**WHAT NEEDS TO BE DONE**
Wherever "سياره" shows up in the records below, copy the whole line.

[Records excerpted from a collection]
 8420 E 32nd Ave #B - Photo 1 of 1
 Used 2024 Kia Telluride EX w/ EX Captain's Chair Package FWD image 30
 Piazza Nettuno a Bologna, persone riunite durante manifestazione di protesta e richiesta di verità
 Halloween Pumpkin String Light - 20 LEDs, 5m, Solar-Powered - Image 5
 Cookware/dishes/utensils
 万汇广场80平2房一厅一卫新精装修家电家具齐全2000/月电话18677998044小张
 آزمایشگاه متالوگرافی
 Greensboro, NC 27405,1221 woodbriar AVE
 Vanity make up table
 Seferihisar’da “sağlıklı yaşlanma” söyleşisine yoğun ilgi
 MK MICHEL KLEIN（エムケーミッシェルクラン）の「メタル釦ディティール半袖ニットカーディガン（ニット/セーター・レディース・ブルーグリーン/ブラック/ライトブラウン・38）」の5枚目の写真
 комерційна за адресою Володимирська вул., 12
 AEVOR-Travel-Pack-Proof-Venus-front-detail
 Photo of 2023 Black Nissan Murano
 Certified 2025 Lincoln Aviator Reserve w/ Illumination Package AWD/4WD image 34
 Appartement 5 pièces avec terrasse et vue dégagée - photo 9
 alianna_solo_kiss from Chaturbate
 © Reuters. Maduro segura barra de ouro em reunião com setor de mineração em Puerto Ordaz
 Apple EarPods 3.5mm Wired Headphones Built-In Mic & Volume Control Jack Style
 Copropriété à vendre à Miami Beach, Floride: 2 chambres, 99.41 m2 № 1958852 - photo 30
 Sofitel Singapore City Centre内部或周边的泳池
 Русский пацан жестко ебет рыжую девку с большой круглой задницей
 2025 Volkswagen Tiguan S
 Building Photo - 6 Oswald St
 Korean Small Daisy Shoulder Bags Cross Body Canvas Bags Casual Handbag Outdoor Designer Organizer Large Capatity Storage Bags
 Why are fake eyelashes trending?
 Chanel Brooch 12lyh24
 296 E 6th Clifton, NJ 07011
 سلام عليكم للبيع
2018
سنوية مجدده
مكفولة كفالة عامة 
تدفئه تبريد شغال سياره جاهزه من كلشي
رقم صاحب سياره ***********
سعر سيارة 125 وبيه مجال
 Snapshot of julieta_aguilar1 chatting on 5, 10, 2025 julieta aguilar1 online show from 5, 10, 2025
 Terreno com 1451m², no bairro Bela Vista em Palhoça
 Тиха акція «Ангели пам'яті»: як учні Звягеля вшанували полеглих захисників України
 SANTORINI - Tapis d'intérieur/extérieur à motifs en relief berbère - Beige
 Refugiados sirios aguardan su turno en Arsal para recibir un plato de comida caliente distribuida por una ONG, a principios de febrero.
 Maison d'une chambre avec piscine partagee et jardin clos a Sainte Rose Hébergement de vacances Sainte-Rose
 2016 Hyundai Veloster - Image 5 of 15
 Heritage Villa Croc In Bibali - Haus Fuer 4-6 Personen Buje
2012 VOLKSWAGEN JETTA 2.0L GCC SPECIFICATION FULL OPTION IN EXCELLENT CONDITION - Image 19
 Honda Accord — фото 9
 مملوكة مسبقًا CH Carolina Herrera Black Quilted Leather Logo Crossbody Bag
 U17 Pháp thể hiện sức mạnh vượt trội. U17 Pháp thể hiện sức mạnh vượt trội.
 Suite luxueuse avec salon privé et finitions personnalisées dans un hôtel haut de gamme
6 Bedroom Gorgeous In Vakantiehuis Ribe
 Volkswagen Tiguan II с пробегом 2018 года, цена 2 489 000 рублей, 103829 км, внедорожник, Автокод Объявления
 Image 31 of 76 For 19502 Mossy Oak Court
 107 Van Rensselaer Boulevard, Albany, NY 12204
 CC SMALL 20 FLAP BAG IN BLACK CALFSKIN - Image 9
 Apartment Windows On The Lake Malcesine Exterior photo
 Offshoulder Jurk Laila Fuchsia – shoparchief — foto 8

**EXERCISE RESPONSE**
تدفئه تبريد شغال سياره جاهزه من كلشي
رقم صاحب سياره ***********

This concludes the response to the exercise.